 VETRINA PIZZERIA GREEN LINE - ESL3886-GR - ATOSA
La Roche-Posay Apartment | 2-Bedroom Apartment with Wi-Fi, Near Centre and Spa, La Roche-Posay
========================
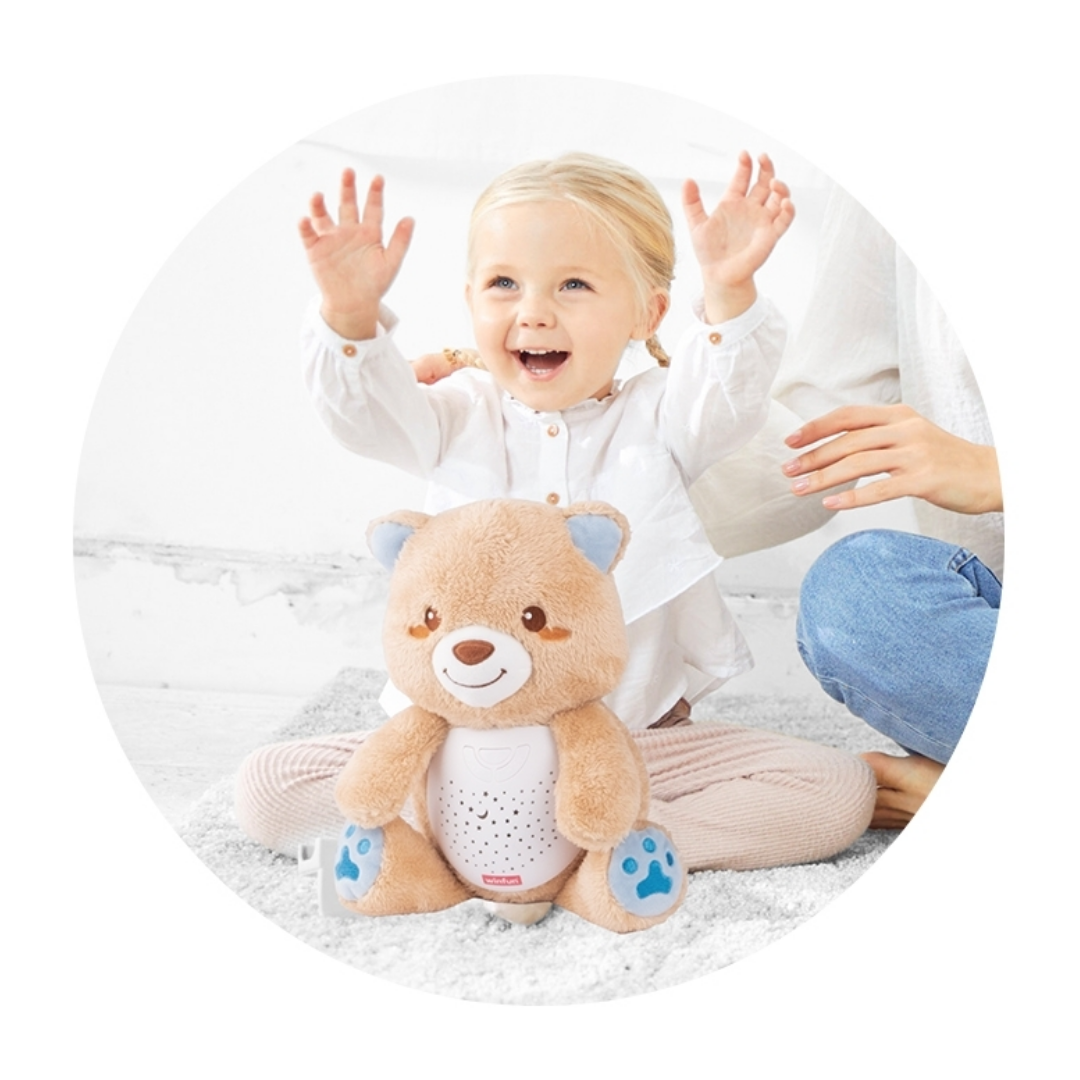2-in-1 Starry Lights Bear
========================
All that is wanted is a faithful reproduction of the line above with "VETRINA PIZZERIA GREEN", the line with "La Roche-Posay Apartment", and every line in between.

 VETRINA PIZZERIA GREEN LINE - ESL3886-GR - ATOSA
La Roche-Posay Apartment | 2-Bedroom Apartment with Wi-Fi, Near Centre and Spa, La Roche-Posay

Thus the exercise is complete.